At some point, said Gingrich, the president has an obligation to say there are two sides to the story.
"In places like Chicago, where 3,200 people have been killed during the Obama presidency, we better have a strategy that works," Gingrich said. "We don't."
He pointed to New York City, which reduced its murder rate by 85 percent from where it was when Rudy Giuliani was elected mayor and started further policing.
"Nobody on the left wants to hear that," Gingrich said. "You look at the number of thousands of people who would be alive today if Chicago had New York's strategy."

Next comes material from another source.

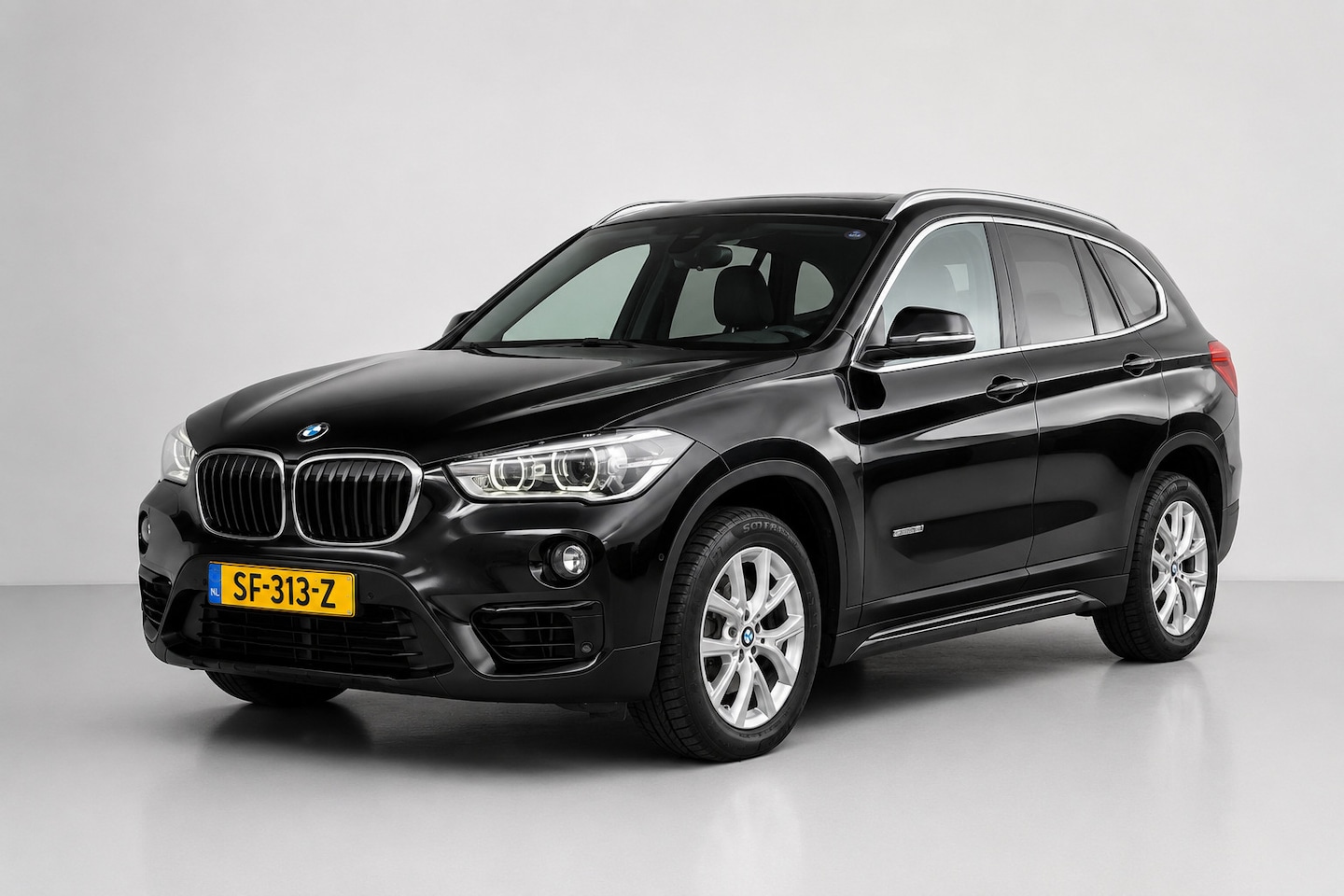 BMW X1 - sDrive18i High Executive AUTOMAAT NL AUTO*CAMERA*LED - AutoWereld.nl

But they don't, he said, because they believe it to be too intrusive and requires too many police officers, and "they don't want to spend the money on cops. You don't spend the money on cops, you spend the money on funerals."
And Gingrich, who said last week that white Americans can't understand what is going on in the black community, said that it's important to help that understanding happen.
Referring to South Carolina GOP Sen. Tim Scott, who last week described numerous incidents of harassment he has endured at the hands of police officers even after he came to Washington, Gingrich said that it is "very important to understand that you can be a very successful black American and you can have a very good college degree and you can still get harassed."
Also on the program, Gingrich, who came under some criticism last week with his statements on screening immigrants,doubled down on that opinion.
"I believe you should screen every immigrant," he said. "Look at the Tunisian immigrant that just killed 84 people [in Nice, France]. Look at the degree to which ISIS openly says we're sending people across the planet. And how often do you have to have people get killed? We're going to have to come up with a strategy and we're going to have to learn from the Israelis and the European failure."
Meanwhile, Gingrich also applauded GOP presumptive nominee Donald Trump's choice of Indiana Gov. Mike Pence as his running mate, even though Gingrich himself had been one of the finalists in the race.
"To solve his immediate problem, which is how do you bring the Paul Ryans . . . Mike would do a better job than I would have done," Gingrich said. "As you all know, I have been a national figure now for a long, long, long time . . . as I said, you could run a two-pirate ticket. I think he made the right decision that having a balanced ticket will serve him well."